**WHAT YOU NEED TO DO:** Here the job is to restate every entry word for word.

**DATA FOR THIS EXERCISE:**

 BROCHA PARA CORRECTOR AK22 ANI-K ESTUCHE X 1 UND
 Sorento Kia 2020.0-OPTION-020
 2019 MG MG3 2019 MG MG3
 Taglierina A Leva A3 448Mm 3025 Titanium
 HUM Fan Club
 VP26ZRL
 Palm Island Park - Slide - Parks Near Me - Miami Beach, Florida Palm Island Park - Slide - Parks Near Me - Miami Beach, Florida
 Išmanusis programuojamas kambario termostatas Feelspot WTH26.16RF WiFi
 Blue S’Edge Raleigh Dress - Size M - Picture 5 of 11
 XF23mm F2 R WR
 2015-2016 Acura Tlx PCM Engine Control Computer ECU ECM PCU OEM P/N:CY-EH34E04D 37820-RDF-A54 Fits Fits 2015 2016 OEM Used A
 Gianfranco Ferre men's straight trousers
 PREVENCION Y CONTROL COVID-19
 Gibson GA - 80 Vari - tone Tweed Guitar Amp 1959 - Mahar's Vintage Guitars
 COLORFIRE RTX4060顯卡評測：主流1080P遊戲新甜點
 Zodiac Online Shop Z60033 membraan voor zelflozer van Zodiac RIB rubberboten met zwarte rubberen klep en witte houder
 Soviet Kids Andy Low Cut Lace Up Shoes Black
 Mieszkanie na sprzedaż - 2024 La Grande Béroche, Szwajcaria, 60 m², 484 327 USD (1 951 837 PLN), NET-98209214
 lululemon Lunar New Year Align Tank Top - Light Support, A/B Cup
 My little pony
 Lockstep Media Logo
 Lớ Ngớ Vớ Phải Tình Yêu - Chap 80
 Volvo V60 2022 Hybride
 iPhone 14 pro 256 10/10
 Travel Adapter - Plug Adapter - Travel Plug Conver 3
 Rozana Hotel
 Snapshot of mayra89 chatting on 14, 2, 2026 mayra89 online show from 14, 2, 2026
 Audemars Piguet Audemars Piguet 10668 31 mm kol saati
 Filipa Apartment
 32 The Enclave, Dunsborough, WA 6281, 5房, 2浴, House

**REPLY:**
 BROCHA PARA CORRECTOR AK22 ANI-K ESTUCHE X 1 UND
 Sorento Kia 2020.0-OPTION-020
 2019 MG MG3 2019 MG MG3
 Taglierina A Leva A3 448Mm 3025 Titanium
 HUM Fan Club
 VP26ZRL
 Palm Island Park - Slide - Parks Near Me - Miami Beach, Florida Palm Island Park - Slide - Parks Near Me - Miami Beach, Florida
 Išmanusis programuojamas kambario termostatas Feelspot WTH26.16RF WiFi
 Blue S’Edge Raleigh Dress - Size M - Picture 5 of 11
 XF23mm F2 R WR
 2015-2016 Acura Tlx PCM Engine Control Computer ECU ECM PCU OEM P/N:CY-EH34E04D 37820-RDF-A54 Fits Fits 2015 2016 OEM Used A
 Gianfranco Ferre men's straight trousers
 PREVENCION Y CONTROL COVID-19
 Gibson GA - 80 Vari - tone Tweed Guitar Amp 1959 - Mahar's Vintage Guitars
 COLORFIRE RTX4060顯卡評測：主流1080P遊戲新甜點
 Zodiac Online Shop Z60033 membraan voor zelflozer van Zodiac RIB rubberboten met zwarte rubberen klep en witte houder
 Soviet Kids Andy Low Cut Lace Up Shoes Black
 Mieszkanie na sprzedaż - 2024 La Grande Béroche, Szwajcaria, 60 m², 484 327 USD (1 951 837 PLN), NET-98209214
 lululemon Lunar New Year Align Tank Top - Light Support, A/B Cup
 My little pony
 Lockstep Media Logo
 Lớ Ngớ Vớ Phải Tình Yêu - Chap 80
 Volvo V60 2022 Hybride
 iPhone 14 pro 256 10/10
 Travel Adapter - Plug Adapter - Travel Plug Conver 3
 Rozana Hotel
 Snapshot of mayra89 chatting on 14, 2, 2026 mayra89 online show from 14, 2, 2026
 Audemars Piguet Audemars Piguet 10668 31 mm kol saati
 Filipa Apartment
 32 The Enclave, Dunsborough, WA 6281, 5房, 2浴, House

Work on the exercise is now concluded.